[Task statement]:
Write the listing out again word for word, skipping each picture.

[Data block]:
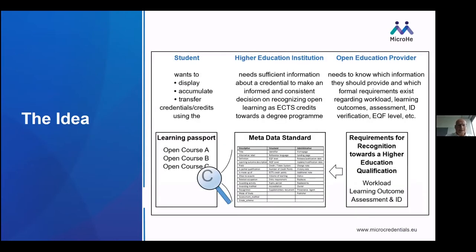The idea is to give the right information to the right people so they can prepare. Students want to display, accumulate, and transfer credentials using a learning passport or similar tool. Higher education institutions need sufficient information about a credential to make an informed and consistent decision on recognizing open learning as ECTS credits toward a degree program. Open education providers need to know which information they should provide and which formal requirements exist regarding workload, learning outcomes, assessment, ID verification, EQF level, and other things.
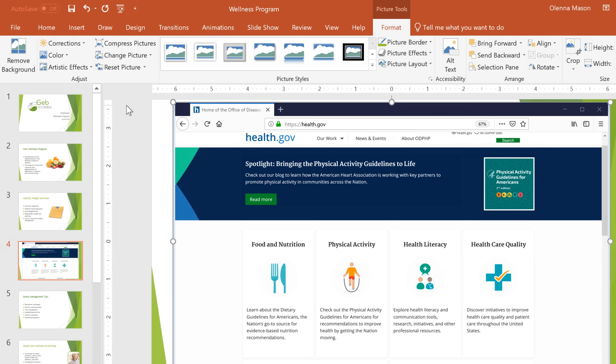This isn't exactly what I wanted, though. This screenshot includes other parts of my browser, like the navigation buttons and the status bar. I'd like to see if we can take a picture of just the different topics in the middle. First, I'm going to delete this image by selecting it and pressing Backspace or Delete on my keyboard.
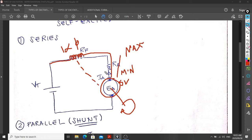The electrons flow to the load. But we already discussed the disadvantage of this series circuit. For the series self-excited circuit to operate, you need to already have a load connected. Because without the load, there won't be any current flow. We need a load so that the current can flow back to the armature. That is the disadvantage of the series circuit.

[Result for this task]:
The idea is to give the right information to the right people so they can prepare. Students want to display, accumulate, and transfer credentials using a learning passport or similar tool. Higher education institutions need sufficient information about a credential to make an informed and consistent decision on recognizing open learning as ECTS credits toward a degree program. Open education providers need to know which information they should provide and which formal requirements exist regarding workload, learning outcomes, assessment, ID verification, EQF level, and other things.
This isn't exactly what I wanted, though. This screenshot includes other parts of my browser, like the navigation buttons and the status bar. I'd like to see if we can take a picture of just the different topics in the middle. First, I'm going to delete this image by selecting it and pressing Backspace or Delete on my keyboard.
The electrons flow to the load. But we already discussed the disadvantage of this series circuit. For the series self-excited circuit to operate, you need to already have a load connected. Because without the load, there won't be any current flow. We need a load so that the current can flow back to the armature. That is the disadvantage of the series circuit.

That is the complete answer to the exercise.